Advanced Analytics in Oracle Data Visualisation Desktop/Cloud Service (2)

In my previous post, I have described how "out-of-the-box" analytical functions in Oracle Data Visualisation Desktop or Oracle Data Visualisation Cloud Service could be used very easily and efficiently.

In this blog, we will explore how to create new measures using standard analytical functions that are available in Formula Builder.

Like "out-of-the-box", you can use the following analytical functions:

Trendline: Fits a linear or exponential model and returns the fitted values or model. The numeric expr represents the Y value for the trend and the series (time columns) represent the X value.
Cluster: Collects a set of records into groups based on one or more input expressions using K-Means or Hierarchical Clustering.
Outlier: This function classifies a record as Outlier based on one or more input expressions using K-Means or Hierarchical Clustering or Multi-Variate Outlier detection Algorithms.
Regr: Fits a linear model and returns the fitted values or model. This function can be used to fit a linear curve on two measures.
Evaluate_Script: Executes an R script as specified in the script_file_path, passing in one or more columns or literal expressions as input. The output of the function is determined by the output_column_name. We will discuss this function call in my final post of the series.

Even though Forecast is listed in Time Series functions, it can be considered as a Analytical function and that is why I am presenting it in this post.

Add a New Calculation

Let's take a look how can one add a new calculation. Open Data Visualisation Desktop (all steps are the same for DVCS as well).

Open Data Elements panel and locate Add Calculation link at bottom right corner of the panel (not canvas). Click on it.

Obviously, new calculation has to be named, but on the right panel, you can scroll down to Analytics functions and expand the subtree to check for available functions. All five functions are displayed.

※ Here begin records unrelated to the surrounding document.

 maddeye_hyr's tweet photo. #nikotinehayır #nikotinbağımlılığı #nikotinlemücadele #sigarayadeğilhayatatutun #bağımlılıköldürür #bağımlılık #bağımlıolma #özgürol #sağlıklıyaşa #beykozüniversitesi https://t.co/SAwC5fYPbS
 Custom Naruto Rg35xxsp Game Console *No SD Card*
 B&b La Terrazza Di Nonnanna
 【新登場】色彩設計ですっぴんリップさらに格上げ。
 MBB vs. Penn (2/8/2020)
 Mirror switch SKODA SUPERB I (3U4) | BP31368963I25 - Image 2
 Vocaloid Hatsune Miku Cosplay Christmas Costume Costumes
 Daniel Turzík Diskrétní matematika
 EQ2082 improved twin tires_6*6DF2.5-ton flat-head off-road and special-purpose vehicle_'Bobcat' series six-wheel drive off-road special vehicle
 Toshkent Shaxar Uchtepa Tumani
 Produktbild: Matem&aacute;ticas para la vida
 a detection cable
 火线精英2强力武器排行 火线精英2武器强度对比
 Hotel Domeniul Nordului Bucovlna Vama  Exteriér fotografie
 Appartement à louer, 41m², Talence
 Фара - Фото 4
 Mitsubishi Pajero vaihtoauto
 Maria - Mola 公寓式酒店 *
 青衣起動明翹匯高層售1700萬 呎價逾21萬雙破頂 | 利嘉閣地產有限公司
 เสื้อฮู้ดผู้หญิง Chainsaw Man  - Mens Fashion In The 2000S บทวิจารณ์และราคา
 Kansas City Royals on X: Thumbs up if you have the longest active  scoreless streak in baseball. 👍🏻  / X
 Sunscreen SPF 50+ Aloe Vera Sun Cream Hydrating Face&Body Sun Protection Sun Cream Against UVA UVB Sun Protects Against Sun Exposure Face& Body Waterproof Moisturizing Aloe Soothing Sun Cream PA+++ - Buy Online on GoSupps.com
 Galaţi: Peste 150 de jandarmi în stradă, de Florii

You can click on one function and its syntax will appear in the formula box on the left.

Trendline

Let's create a line chart visualisation with Order date as a Category and Customer Segment (filter on value Customer) and Gross Unit Price as a measure:

If you want to create a new calculation using Trendline analytical function use the following syntax:

TRENDLINE(numeric_expr, ([series]) BY ([partitionBy]), model_type, result_type)

numeric_expr is plotted on Y axis and is a measure in most cases, for example Sales or Gross Unit Price in our case. series is in most cases a time series attribute, in our case Order Date and it is plotted on X axis. partitionBy is an attribute or attributes that is included in the view but not displayed on X axis. model_type can be LINEAR or EXPONENTIAL and result_type is VALUE or MODEL. VALUE returns regression values for given X values in the sample. MODEL returns all parameters.

Create a new calculation now:

And add calculation to the chart:

The light blue line shows the linear trend. You could have selected EXPONENTIAL instead of LINEAR. Example below shows both Trend lines, exponential is the lower one.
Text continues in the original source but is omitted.